First of all, using some experiments on regular waves whose wave spectra should be time-independent in theory, the inherent system error ( ${\it\delta}_{r,9}=0.11$ ) in the spatial variation of wave amplitude was determined, which provides a criterion to verify and check the existence of steady-state resonant waves in this basin. Then, five cases of resonant waves in deep water are considered: the first four cases (S1–S4) correspond to steady-state resonant waves, while case S5 relates to an non-steady-state ones that provides a contrasting experiment. The four resonant waves are obtained theoretically (Liao 2011; Xu et al. 2012; Liu & Liao 2014) by means of the HAM (Liao 1992, 1997, 2004, 2012). They are chosen in such a way that the related dimensionless scaled variable $X={\it\epsilon}^{2}k_{0}x$ introduced by Shemer et al. (2002) reaches 1.5 at the ninth wave gauge, corresponding to sufficiently high nonlinearity of the waves considered, where $k_{0}$ denotes the wavenumber of the component with the largest amplitude. A large enough number of wave components (with more than 95 % of the total wave energy) were generated so that the corresponding wavefields measured in the basin are close to the theoretical ones. Compared to the inherent system error of the basin and especially to the contrasting experiment (case S5), our experiments strongly suggest that the resonant waves in cases S1, S2, S3 and S4 are steady-state, say their wave spectra are independent of time. Also, both symmetrical and anti-symmetrical steady-state resonant waves were observed.
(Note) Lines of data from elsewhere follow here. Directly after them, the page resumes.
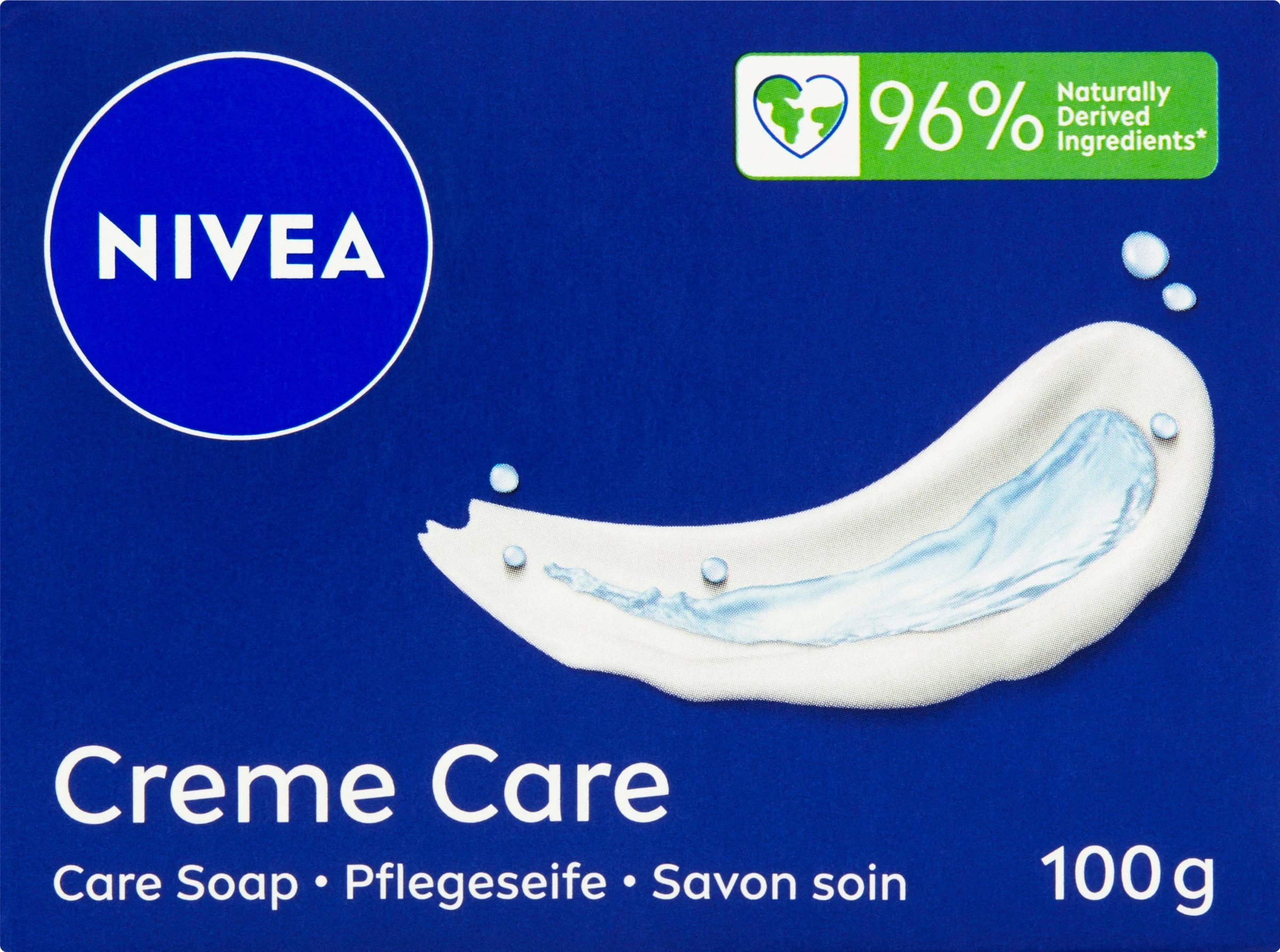 Nivea Bar Soap Cream Care 100g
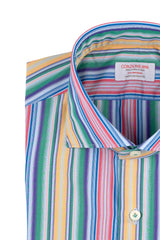 Bold Multi Striped Poplin Shirt Handmade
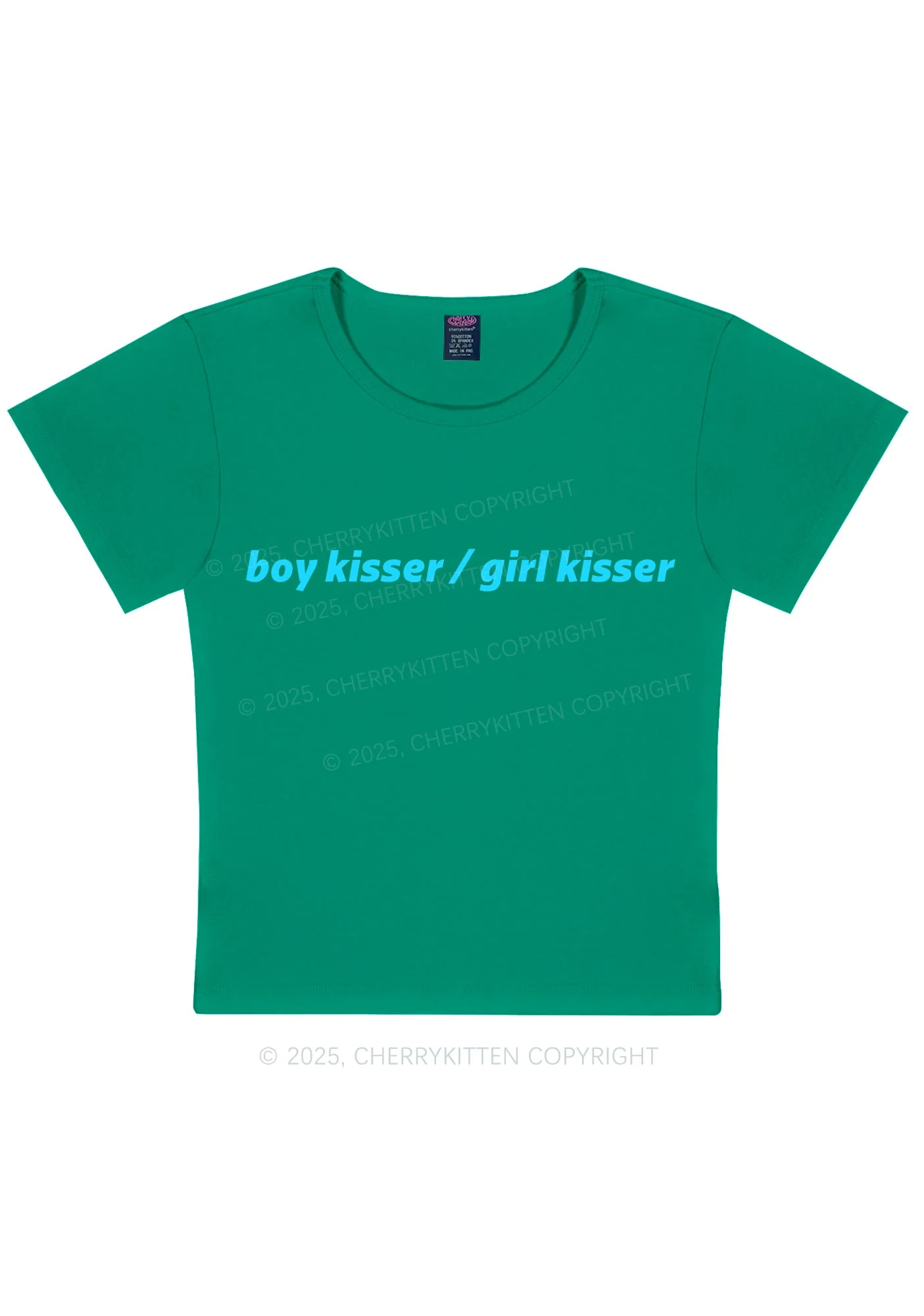 Boy Kisser Girl Kisser Pride Y2K Baby Tee Cherrykitten - Image 11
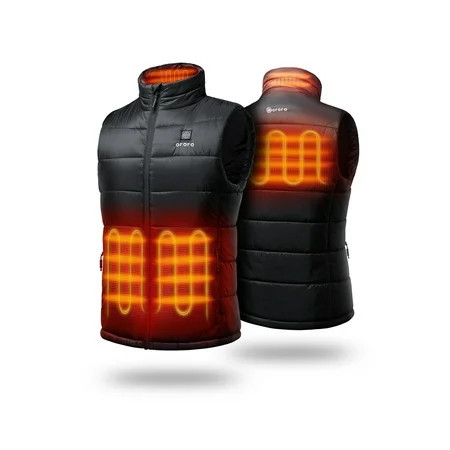 ORORO Heated Vest for Men with Battery Battery Powered Heating Vest for Hiking Skiing Camping (Jet Black 2XL) | Walmart (US)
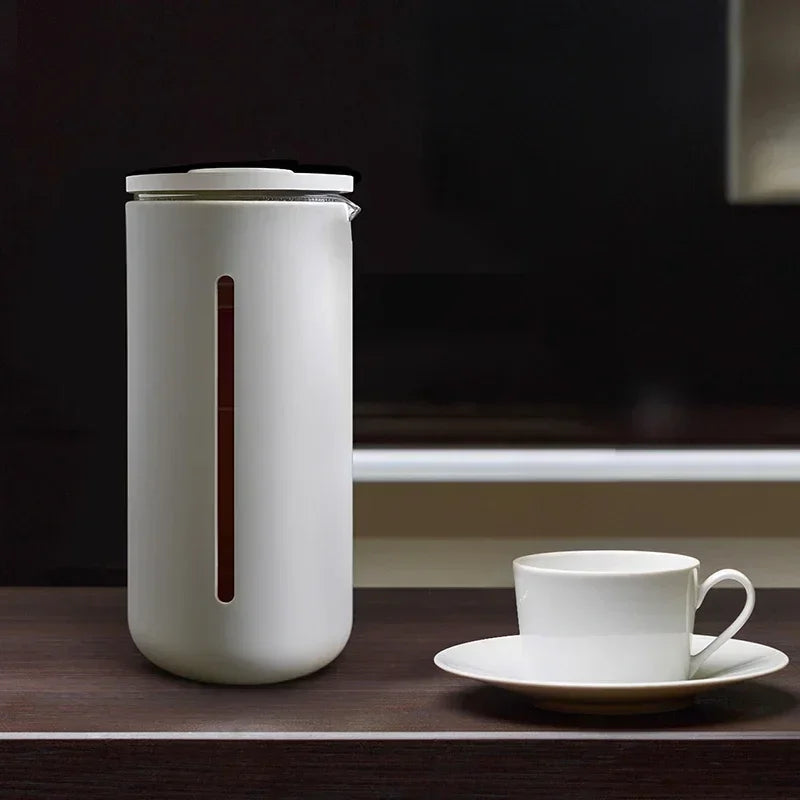 IN Stock TIMEMORE Small U French Press Coffee 450ml Maker Utensils Mug White Black for Kitchen Home Trave Office Coffee Cups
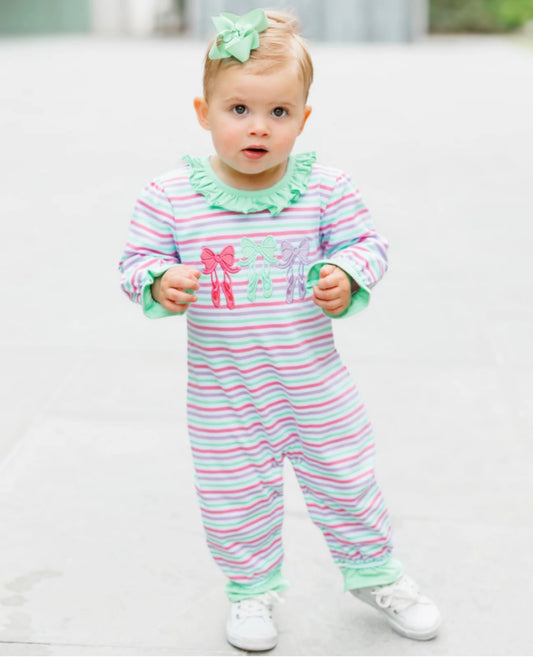 Bows & Ballet Girls Ruffle Romper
It should be emphasized that the so-called steady-state resonant waves were first found theoretically (Liao 2011; Xu et al. 2012; Liu & Liao 2014) by means of the HAM (Liao 1992, 1997, 2004, 2012), and then confirmed experimentally in this paper. This illustrates that the HAM is indeed a new method with great potential, since every new method should bring something new and/or different.

In summary, our experiments confirm the existence of multiple steady-state resonant waves in practice. This is helpful to deepen and enrich our understandings about resonance waves. Obviously, it would be very interesting to confirm the existence of the steady-state resonant waves in shallow water. This might be done in future, if possible.